START SUPPLIED MATERIAL
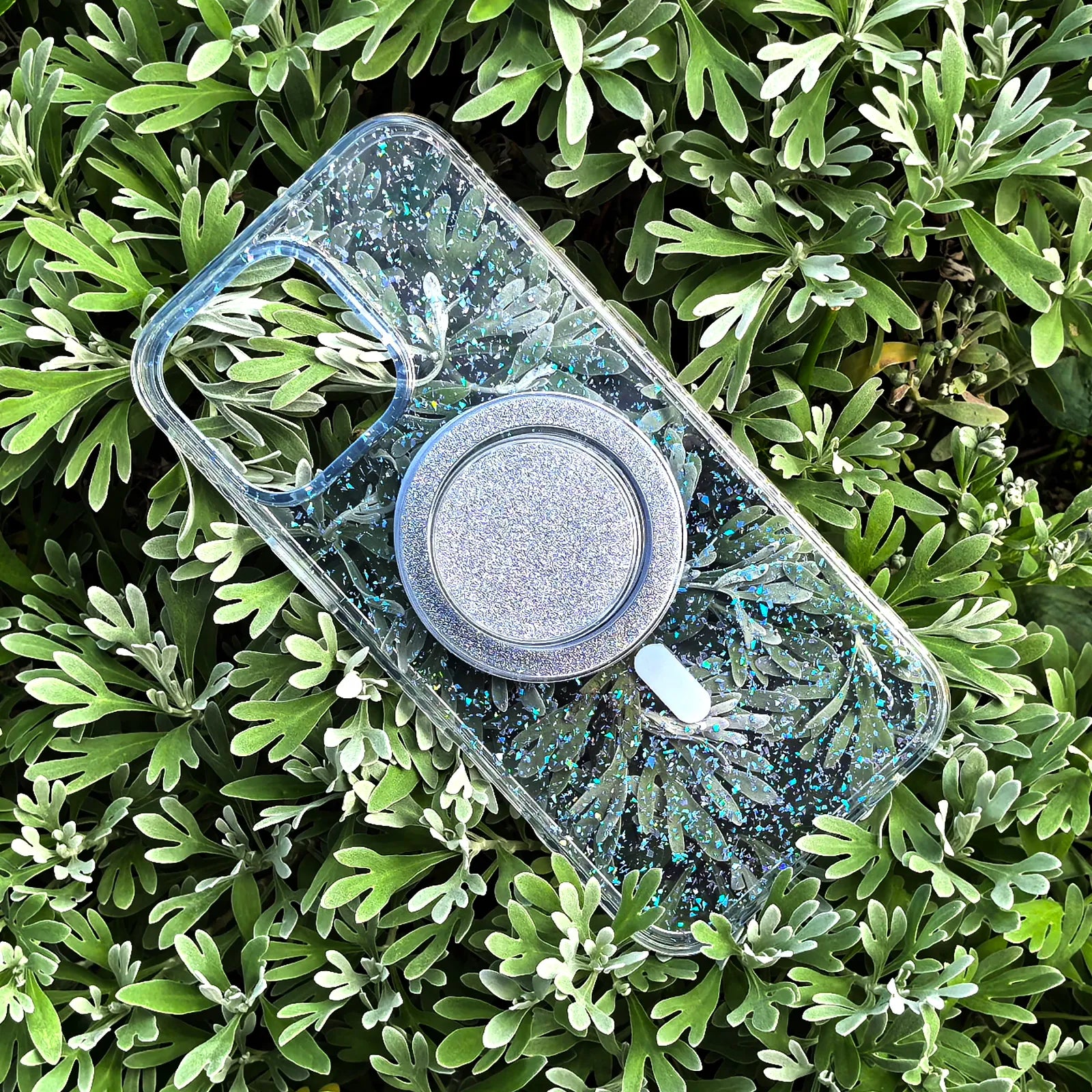 Gradient Glitter Blue Translucent Phone Case MagSafe Grip Set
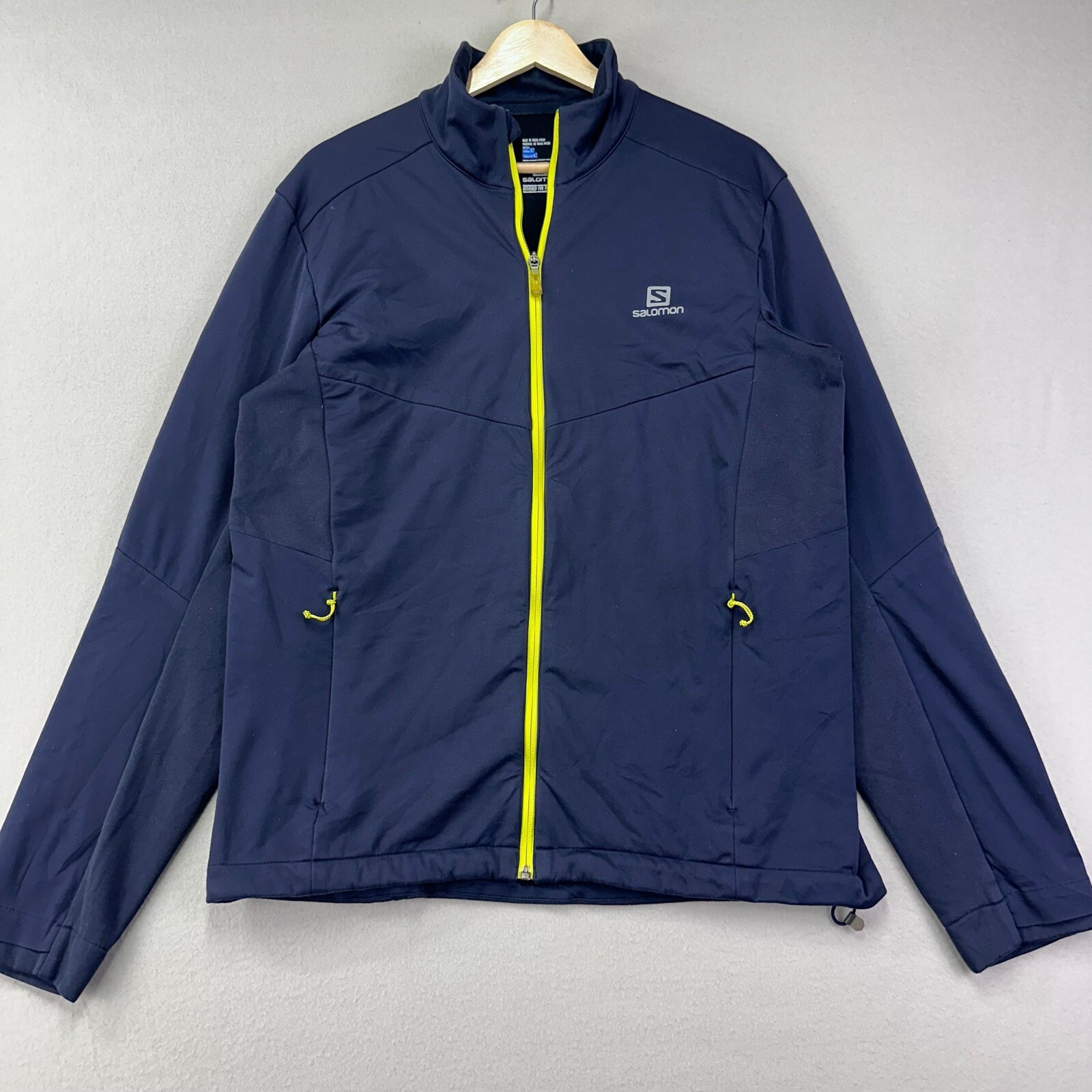 Giacca Salomon uomo grande blu scuro corsa escursionismo avanzato scudo pelle zip intera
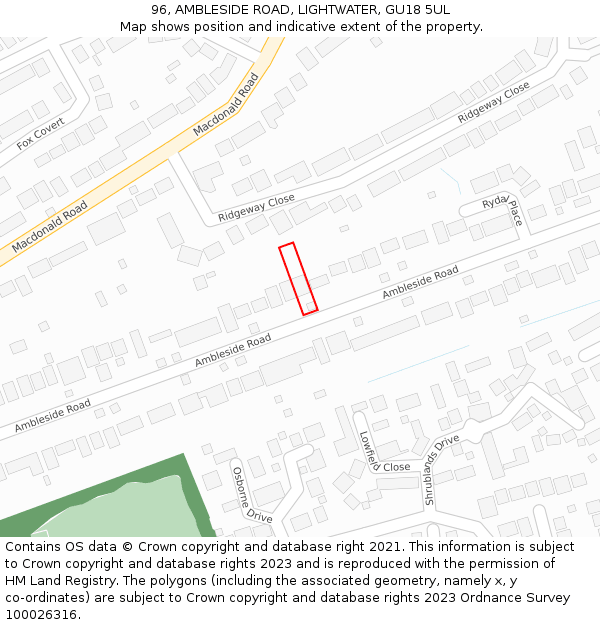 96, AMBLESIDE ROAD, LIGHTWATER, GU18 5UL: Location map and indicative extent of plot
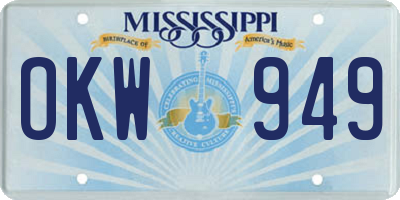 MS license plate OKW949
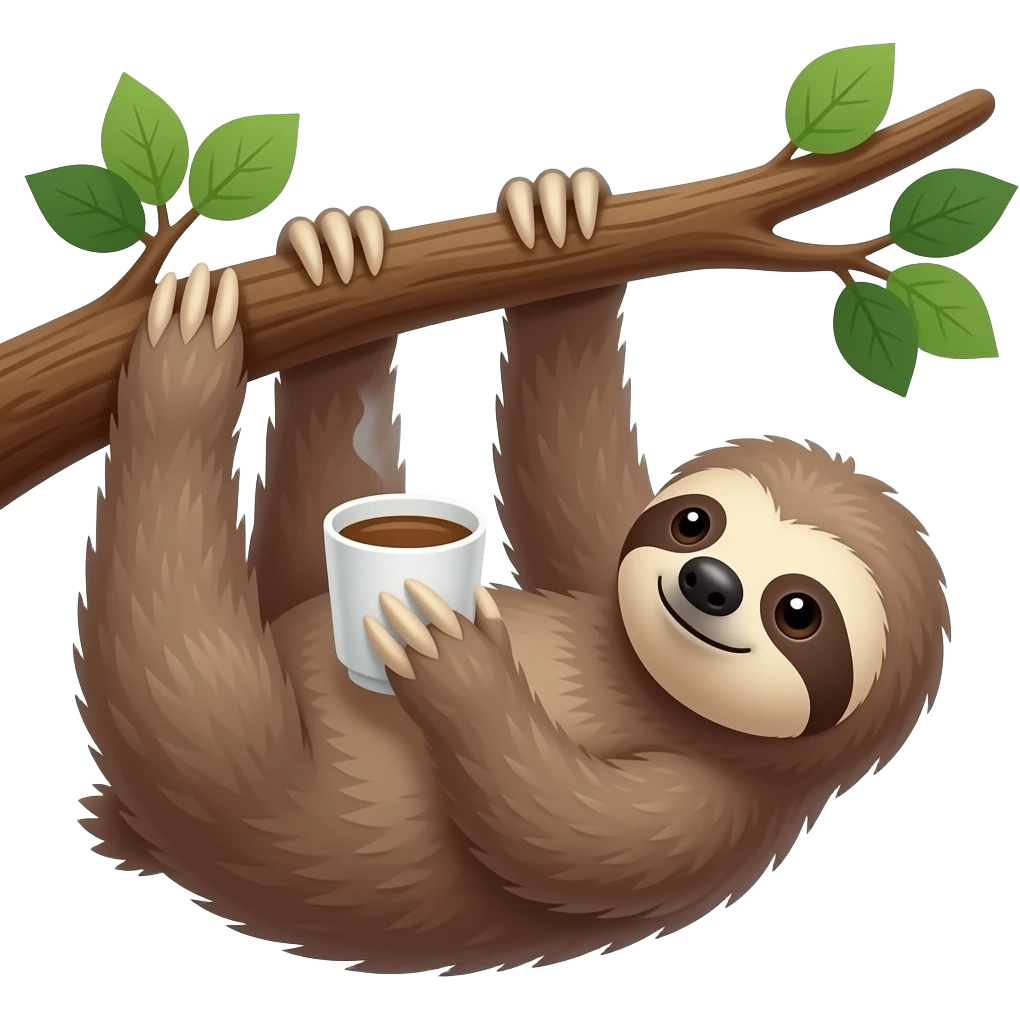 sloth tree morning coffee hanging emoji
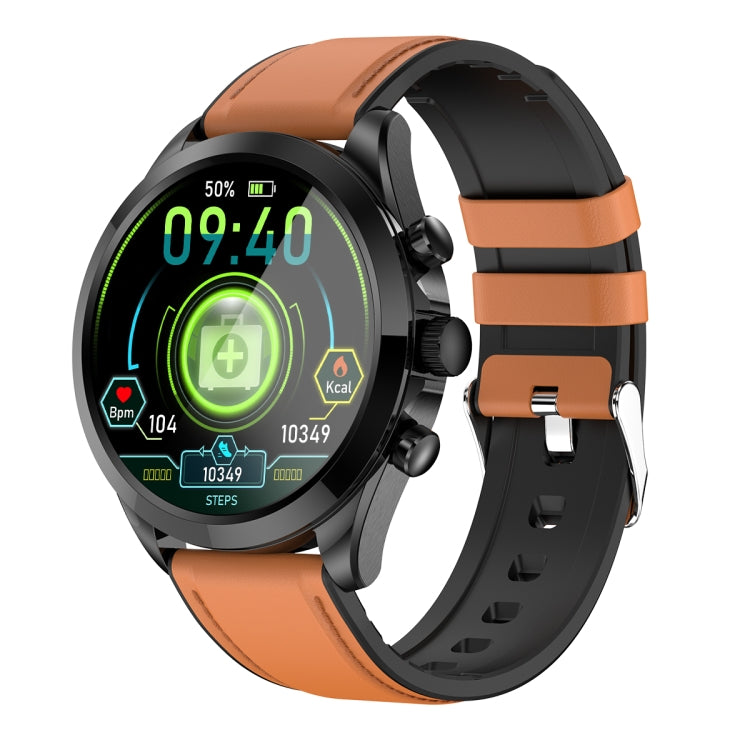 ET440 1.39 inch Color Screen Smart Leather Strap Watch,Support Heart Rate / Blood Pressure / Blood Oxygen / Blood Glucose Monitoring(Brown) - Smart Watches by PMC TechLife | Online Shopping South Africa | PMC TechLife | Buy Now Pay Later Mobicred
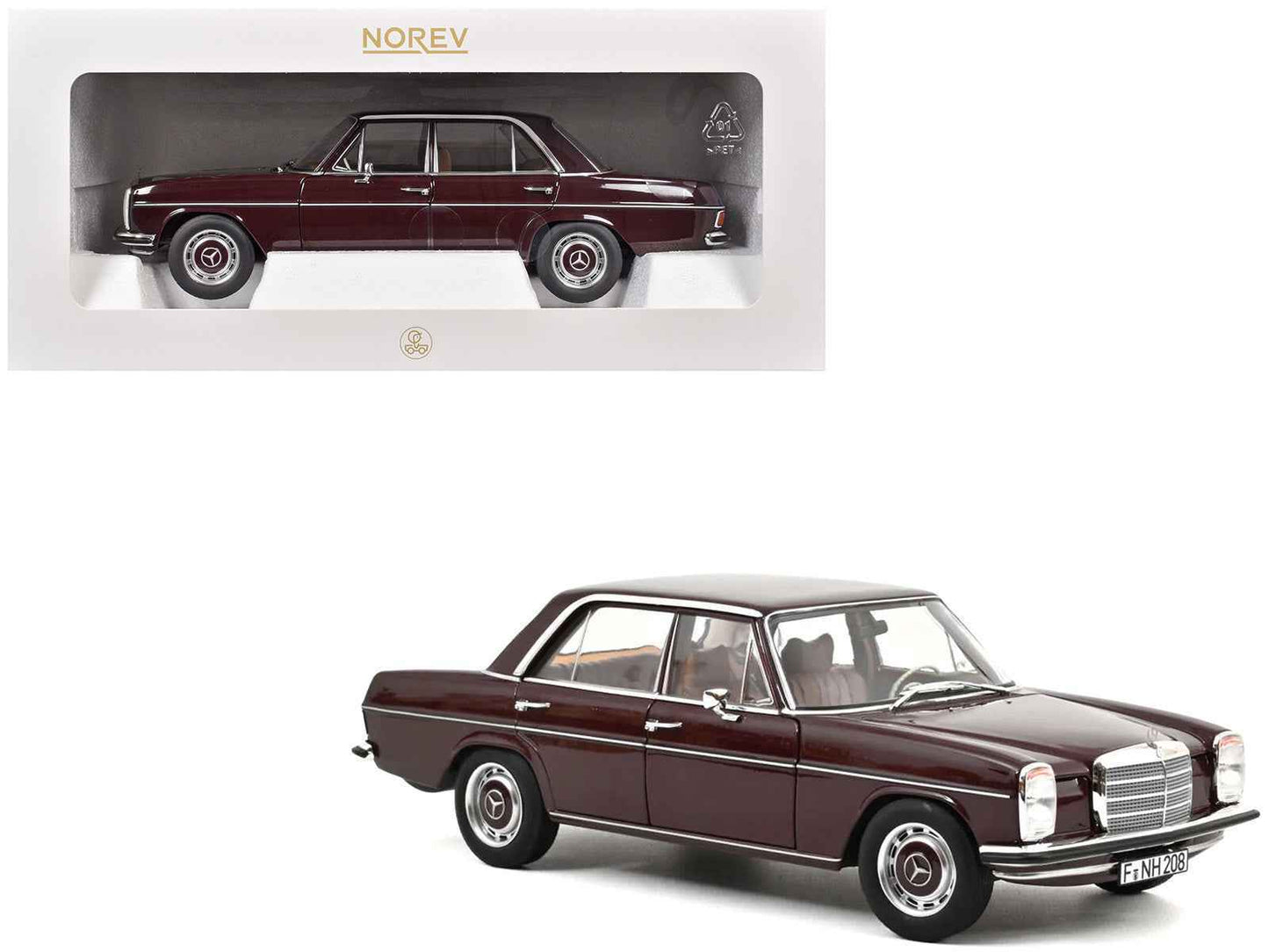 1968 Mercedes-Benz 200 Dark Red Brown 1/18 Diecast Model Car by Norev Cartsfy Inc.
END SUPPLIED MATERIAL
* TASK OBJECTIVE *
This calls for each record above to be set down exactly, with the images skipped.

* SOLUTION FOR THIS EXERCISE *
 Gradient Glitter Blue Translucent Phone Case MagSafe Grip Set
 Giacca Salomon uomo grande blu scuro corsa escursionismo avanzato scudo pelle zip intera
 96, AMBLESIDE ROAD, LIGHTWATER, GU18 5UL: Location map and indicative extent of plot
 MS license plate OKW949
 sloth tree morning coffee hanging emoji
 ET440 1.39 inch Color Screen Smart Leather Strap Watch,Support Heart Rate / Blood Pressure / Blood Oxygen / Blood Glucose Monitoring(Brown) - Smart Watches by PMC TechLife | Online Shopping South Africa | PMC TechLife | Buy Now Pay Later Mobicred
 1968 Mercedes-Benz 200 Dark Red Brown 1/18 Diecast Model Car by Norev Cartsfy Inc.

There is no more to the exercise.